### Task prompt:
Copy the data. Keep every character as given.

══ Information supplied

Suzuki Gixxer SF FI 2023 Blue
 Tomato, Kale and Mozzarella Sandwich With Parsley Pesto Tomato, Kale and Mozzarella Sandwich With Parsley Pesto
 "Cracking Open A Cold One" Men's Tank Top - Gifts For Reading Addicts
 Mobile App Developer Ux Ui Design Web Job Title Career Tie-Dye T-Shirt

════

### Response to this exercise:
Suzuki Gixxer SF FI 2023 Blue
 Tomato, Kale and Mozzarella Sandwich With Parsley Pesto Tomato, Kale and Mozzarella Sandwich With Parsley Pesto
 "Cracking Open A Cold One" Men's Tank Top - Gifts For Reading Addicts
 Mobile App Developer Ux Ui Design Web Job Title Career Tie-Dye T-Shirt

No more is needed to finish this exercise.